Go through the data and copy each line that holds "with".

──────── Task data ────────

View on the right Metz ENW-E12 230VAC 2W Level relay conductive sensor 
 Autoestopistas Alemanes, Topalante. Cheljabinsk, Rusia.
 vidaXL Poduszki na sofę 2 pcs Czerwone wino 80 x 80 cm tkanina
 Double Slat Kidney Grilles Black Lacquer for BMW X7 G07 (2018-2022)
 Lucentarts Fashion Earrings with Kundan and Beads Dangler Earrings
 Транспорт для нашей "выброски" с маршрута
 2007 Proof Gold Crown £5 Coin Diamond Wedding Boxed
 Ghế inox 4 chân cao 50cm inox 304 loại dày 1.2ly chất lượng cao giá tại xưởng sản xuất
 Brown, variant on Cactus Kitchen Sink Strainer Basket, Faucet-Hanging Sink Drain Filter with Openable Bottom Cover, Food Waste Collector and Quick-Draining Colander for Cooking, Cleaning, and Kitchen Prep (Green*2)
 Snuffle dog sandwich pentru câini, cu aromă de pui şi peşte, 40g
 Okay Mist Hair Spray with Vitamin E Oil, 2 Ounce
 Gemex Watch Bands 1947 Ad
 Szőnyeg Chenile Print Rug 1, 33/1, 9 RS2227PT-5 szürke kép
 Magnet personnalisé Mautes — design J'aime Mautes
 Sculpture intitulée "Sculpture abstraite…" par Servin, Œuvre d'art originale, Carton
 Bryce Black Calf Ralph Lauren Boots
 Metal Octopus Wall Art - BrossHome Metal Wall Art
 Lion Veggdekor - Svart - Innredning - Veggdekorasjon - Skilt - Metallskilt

────────

» **Completed exercise**:
 Lucentarts Fashion Earrings with Kundan and Beads Dangler Earrings
 Brown, variant on Cactus Kitchen Sink Strainer Basket, Faucet-Hanging Sink Drain Filter with Openable Bottom Cover, Food Waste Collector and Quick-Draining Colander for Cooking, Cleaning, and Kitchen Prep (Green*2)
 Okay Mist Hair Spray with Vitamin E Oil, 2 Ounce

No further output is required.